TASK DIRECTIONS: Your output should reproduce each entry exactly, with none of its pictures.

· · ·

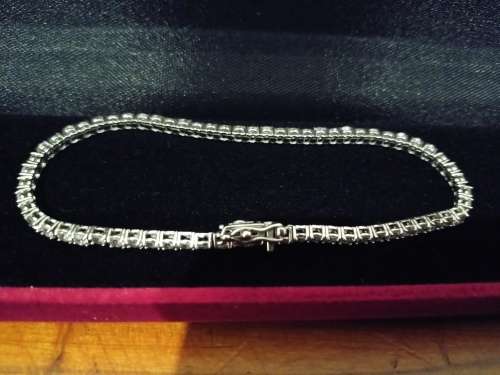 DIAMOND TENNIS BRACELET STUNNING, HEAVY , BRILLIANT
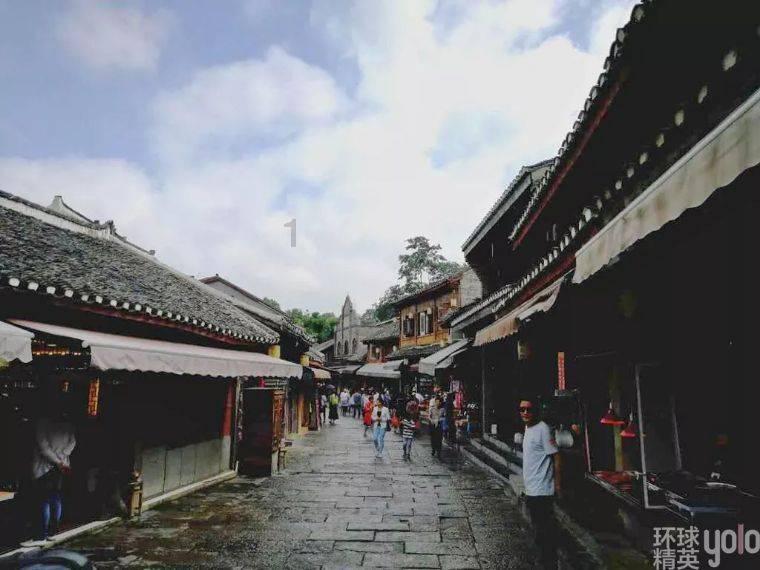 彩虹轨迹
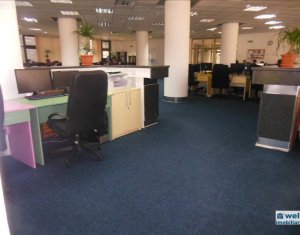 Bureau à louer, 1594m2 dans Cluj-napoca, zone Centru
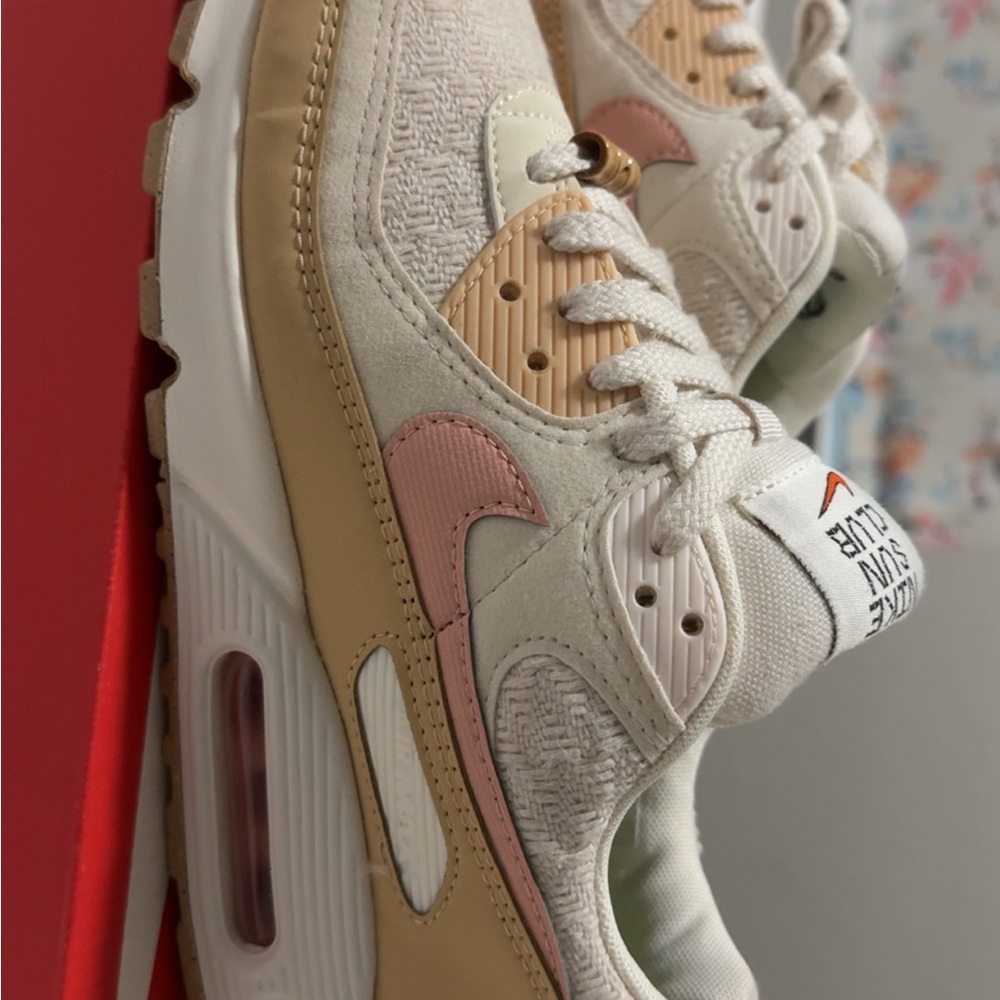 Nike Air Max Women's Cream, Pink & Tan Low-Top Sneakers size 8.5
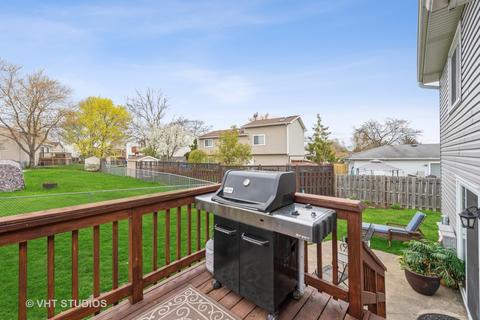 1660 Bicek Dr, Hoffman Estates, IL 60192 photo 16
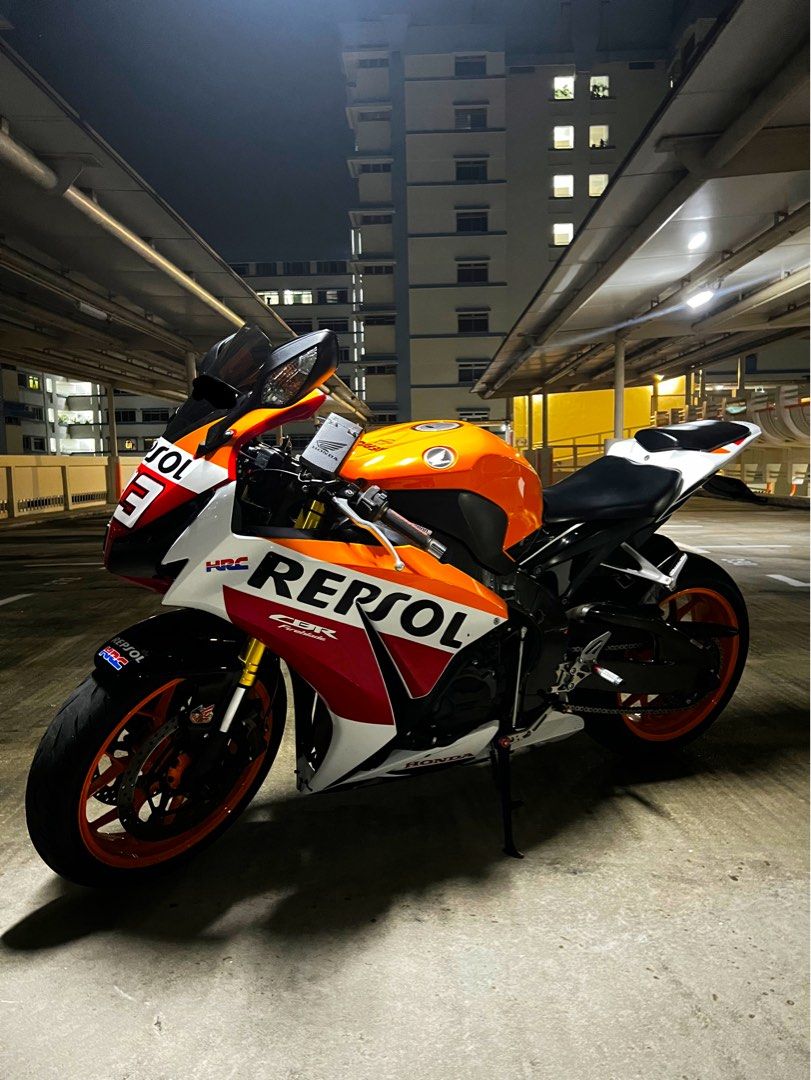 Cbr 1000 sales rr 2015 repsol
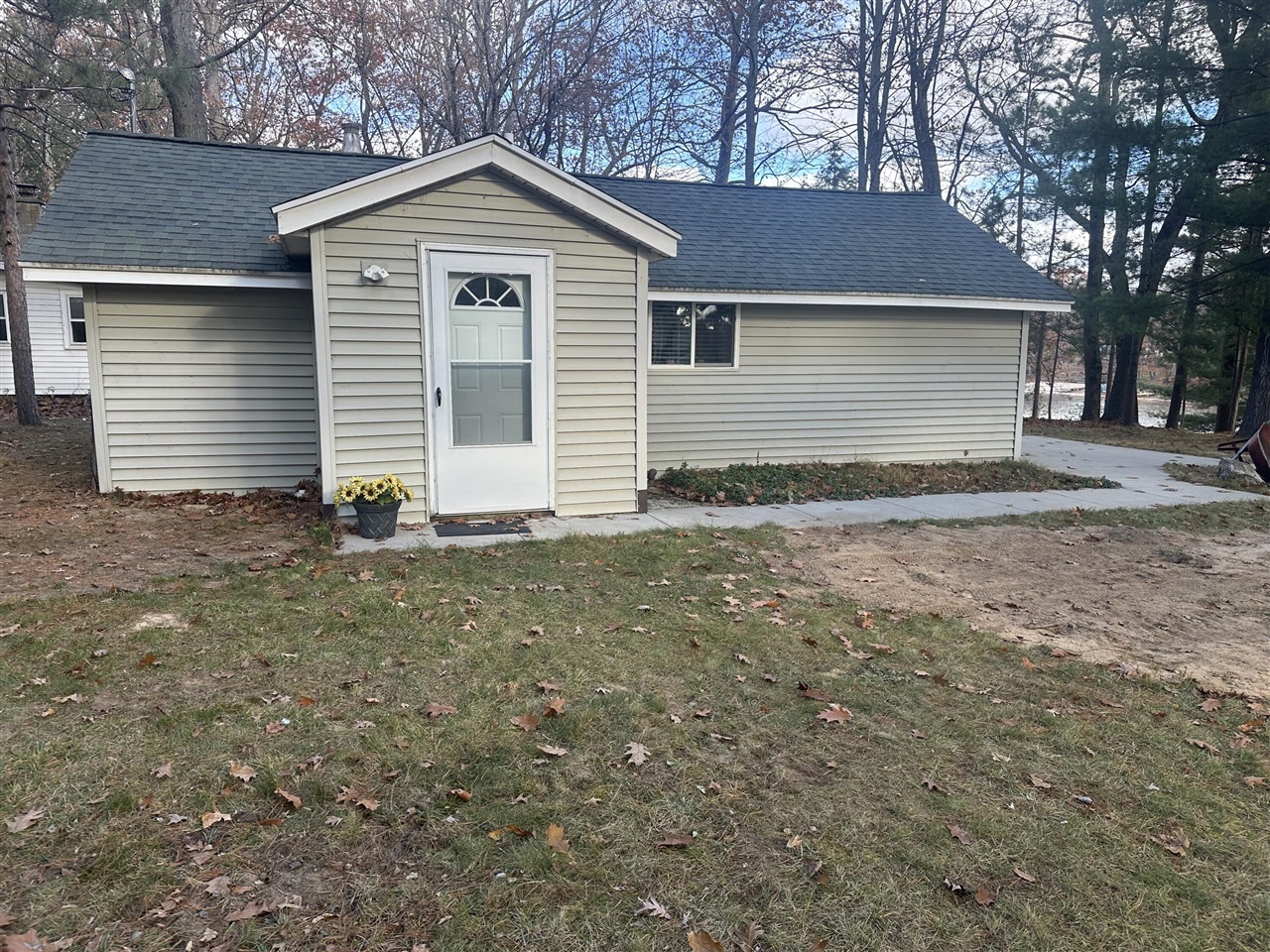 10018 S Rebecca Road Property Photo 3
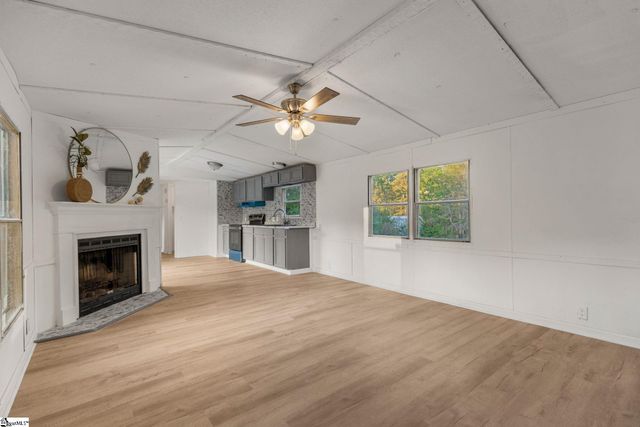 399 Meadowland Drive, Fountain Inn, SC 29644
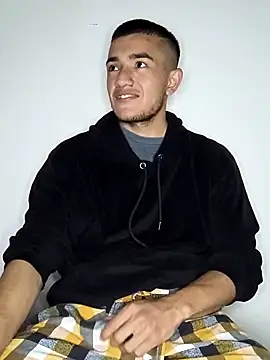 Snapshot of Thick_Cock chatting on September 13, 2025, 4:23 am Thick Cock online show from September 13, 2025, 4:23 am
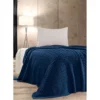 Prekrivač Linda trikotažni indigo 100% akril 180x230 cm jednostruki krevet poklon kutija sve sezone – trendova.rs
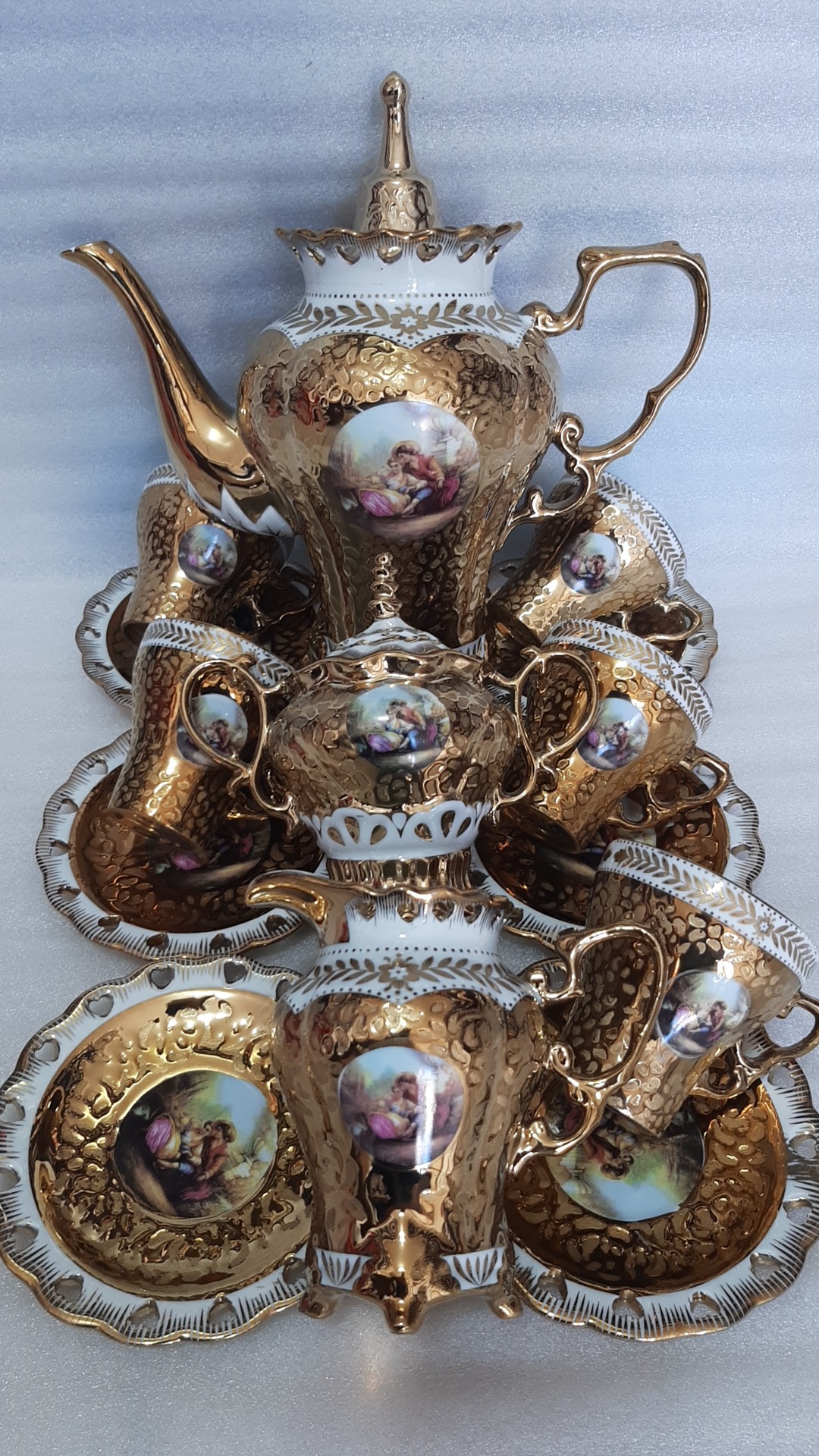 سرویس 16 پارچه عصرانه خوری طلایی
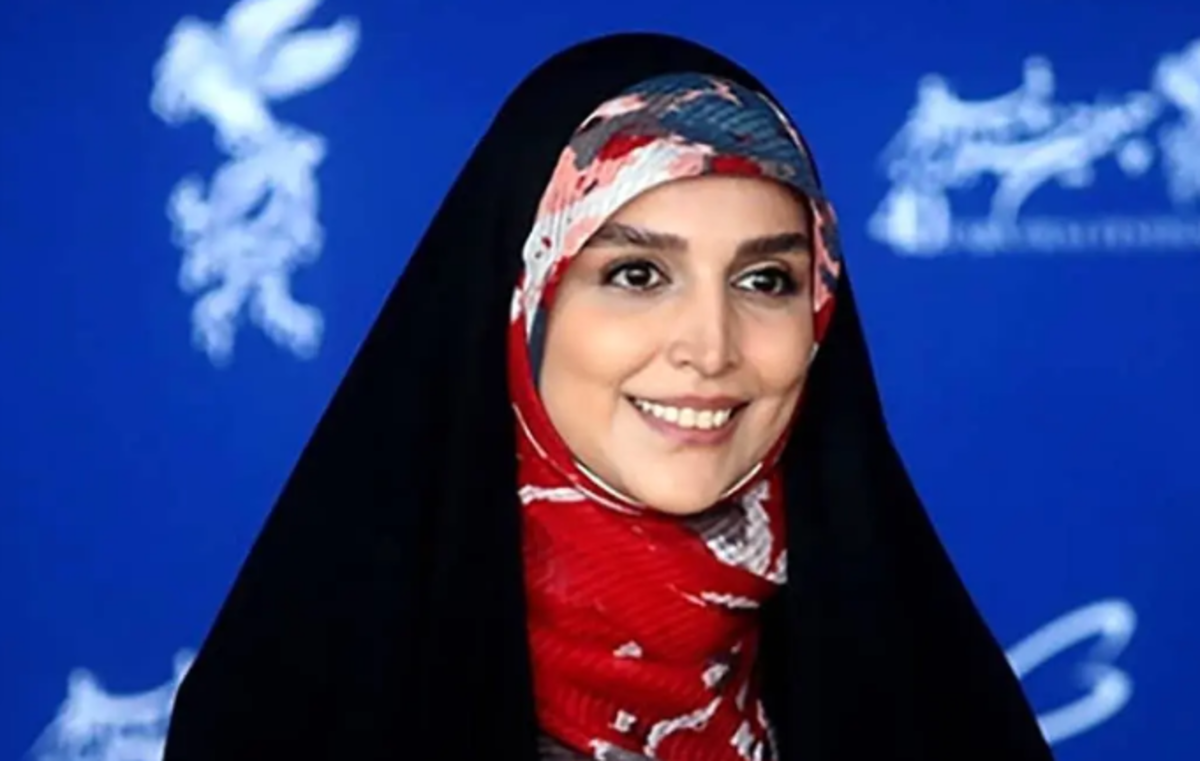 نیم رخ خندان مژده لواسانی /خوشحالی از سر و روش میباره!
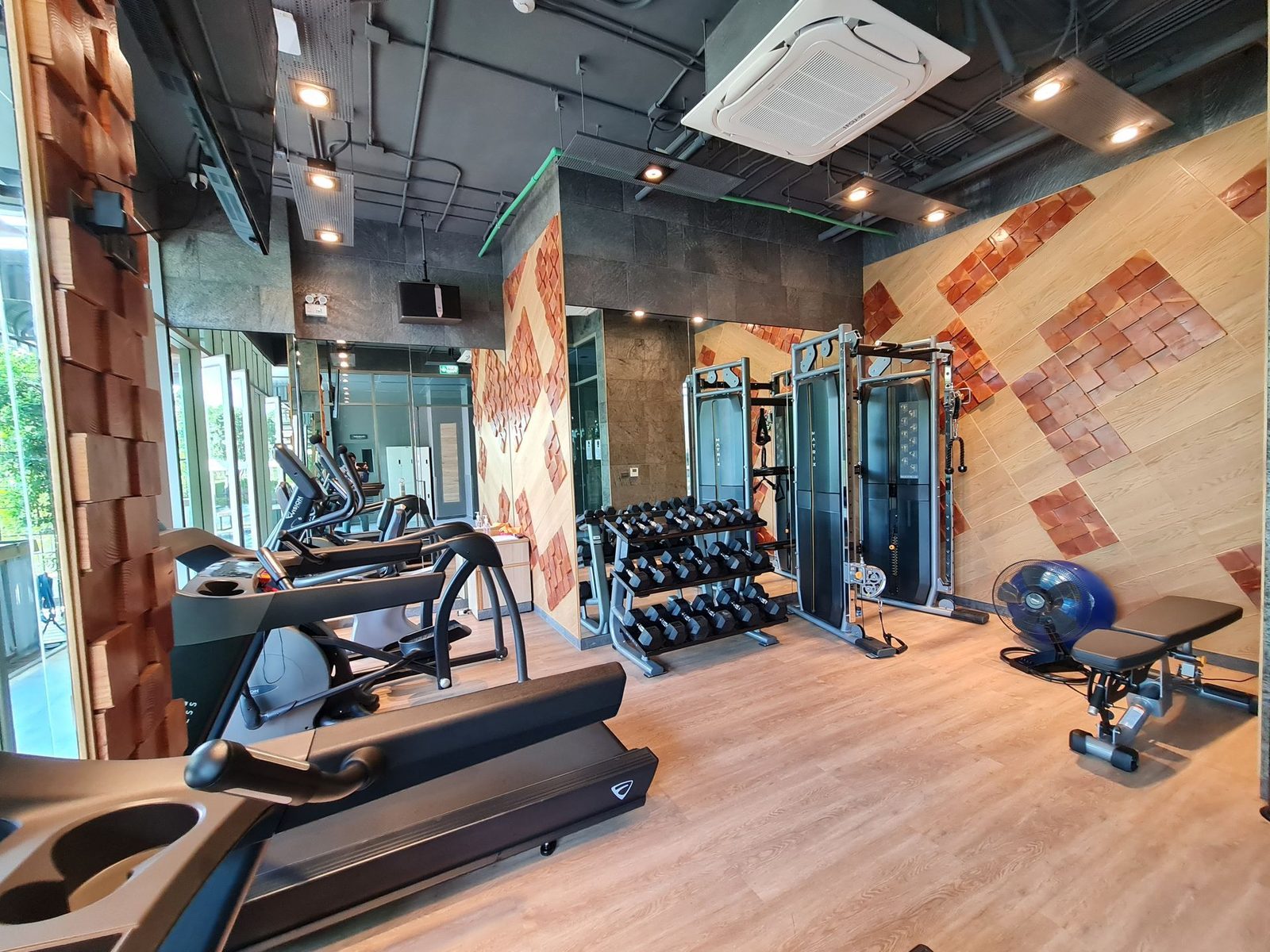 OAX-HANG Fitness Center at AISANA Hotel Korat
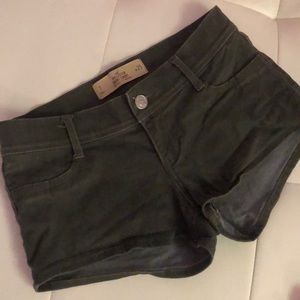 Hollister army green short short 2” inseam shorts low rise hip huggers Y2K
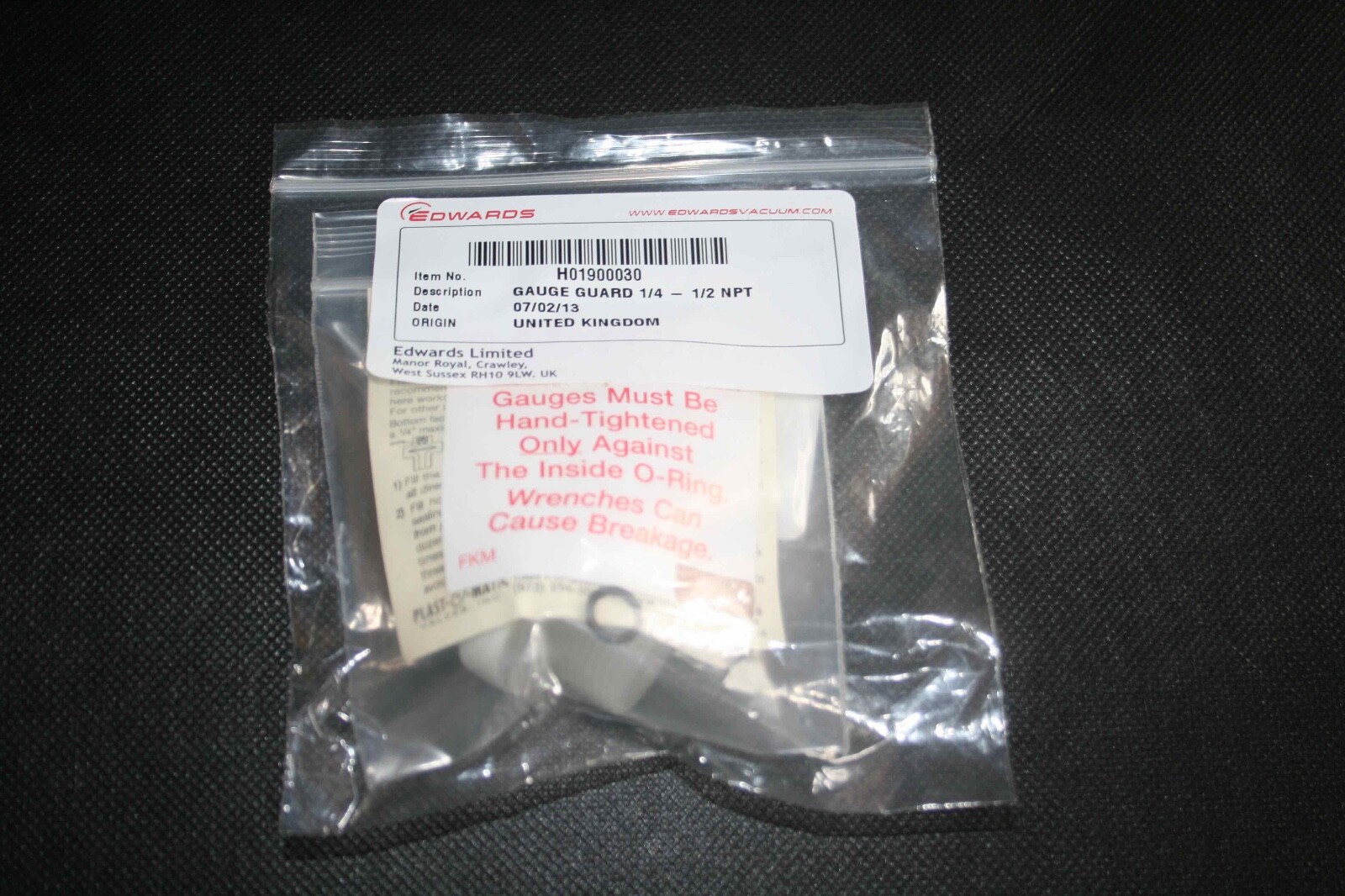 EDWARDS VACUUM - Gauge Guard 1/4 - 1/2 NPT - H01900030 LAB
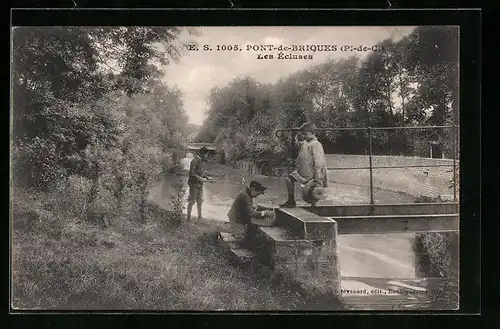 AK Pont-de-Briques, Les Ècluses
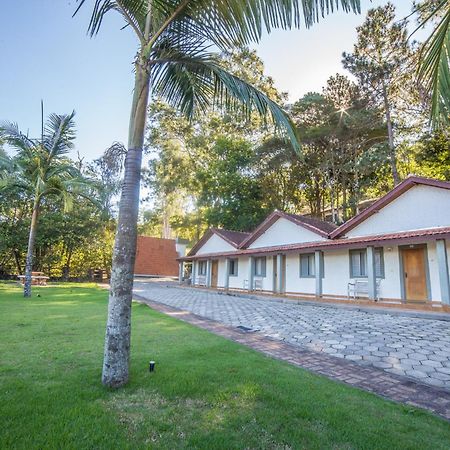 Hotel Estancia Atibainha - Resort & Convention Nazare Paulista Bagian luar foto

· · ·

THE ANSWER:
 DIAMOND TENNIS BRACELET STUNNING, HEAVY , BRILLIANT
 彩虹轨迹
 Bureau à louer, 1594m2 dans Cluj-napoca, zone Centru
 Nike Air Max Women's Cream, Pink & Tan Low-Top Sneakers size 8.5
 1660 Bicek Dr, Hoffman Estates, IL 60192 photo 16
 Cbr 1000 sales rr 2015 repsol
 10018 S Rebecca Road Property Photo 3
 399 Meadowland Drive, Fountain Inn, SC 29644
 Snapshot of Thick_Cock chatting on September 13, 2025, 4:23 am Thick Cock online show from September 13, 2025, 4:23 am
 Prekrivač Linda trikotažni indigo 100% akril 180x230 cm jednostruki krevet poklon kutija sve sezone – trendova.rs
 سرویس 16 پارچه عصرانه خوری طلایی
 نیم رخ خندان مژده لواسانی /خوشحالی از سر و روش میباره!
 OAX-HANG Fitness Center at AISANA Hotel Korat
 Hollister army green short short 2” inseam shorts low rise hip huggers Y2K
 EDWARDS VACUUM - Gauge Guard 1/4 - 1/2 NPT - H01900030 LAB
 AK Pont-de-Briques, Les Ècluses
 Hotel Estancia Atibainha - Resort & Convention Nazare Paulista Bagian luar foto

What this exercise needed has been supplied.